The DOD should apply to everything you build: services, applications, pipelines, models. Everything in the DOD should be achievable now given your existing patterns and technology. It’s not exhaustive, though. They say that no law code can address every potential situation that may come up in a society; that’s why you need judges and courts and jurisprudence. In the same way, some wisdom will be needed to apply your DOD to each individual project. This process of being engineering judges and using wisdom takes several forms:
Referring to the DOD when planning epics.
Referring to the DOD when conducting code reviews.
Referring to the DOD when having formal design reviews for big features that require a technical design doc.
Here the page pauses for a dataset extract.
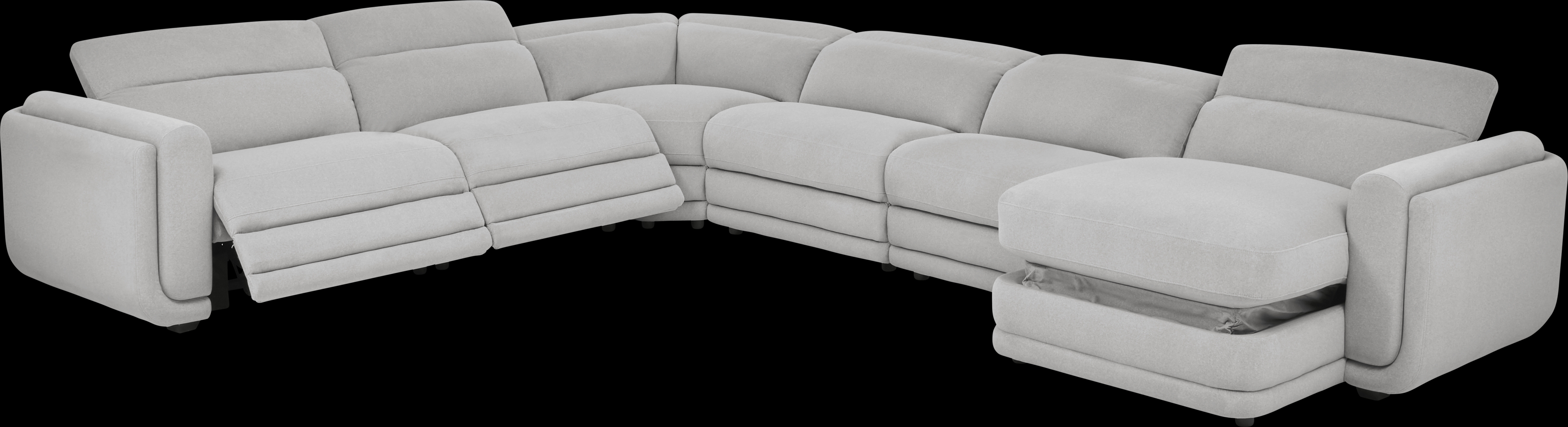 Dillon Smoke 6 Pc Dual Power Reclining Sectional - Thumbnail - Image 3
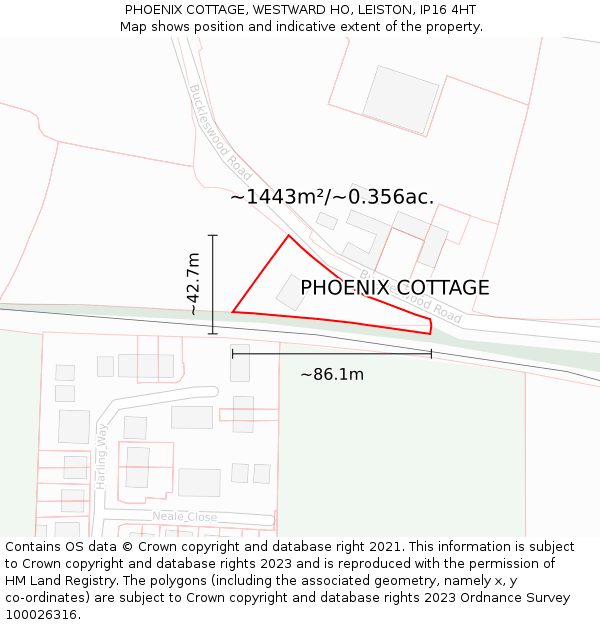 PHOENIX COTTAGE, WESTWARD HO, LEISTON, IP16 4HT: Plot and title map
Your DOD should cover the different service levels of your Software Development Lifecycle. Here are a few potential levels:
Prototype: Move quickly. Make high-value, minimally-burdensome investments for the future in case the prototype gets turned into a product.
Alpha: Build quality in from the beginning so that the General Availability release is more of a customer-facing decision and less of a heavy engineering lift getting the system production-ready.
General Availability: Communicate to customers, hook up production support, finish up documentation. Drink some champagne.
You may also want an aspirational section in your DOD for requirements that ideally should be in the DOD but you lack the patterns or technology to implement. This is your Lodestar section.
Your DOD should also cover the various engineering pillars at each of the different service levels. Here are a few major ones:
Design: How do you design a new system? What are the documents and processes to make sure the design is good?
Develop: What is your development loop for your systems? What tools and standards do you use?
Build: How will your systems be continuously integrated, tested, and deployed?
Test: How will you test your code?
Operate: How will you instrument your systems with monitoring and metrics so that they can be supported in production?
Your DOD shouldn’t be top-down or written in stone. It should be a dynamic document that you write in collaboration with the whole engineering group. And even once you have a DOD, you will all have to work together to help keep each other honest that when you say a card or an epic is “done” it really is “done” according to the Definition of Done.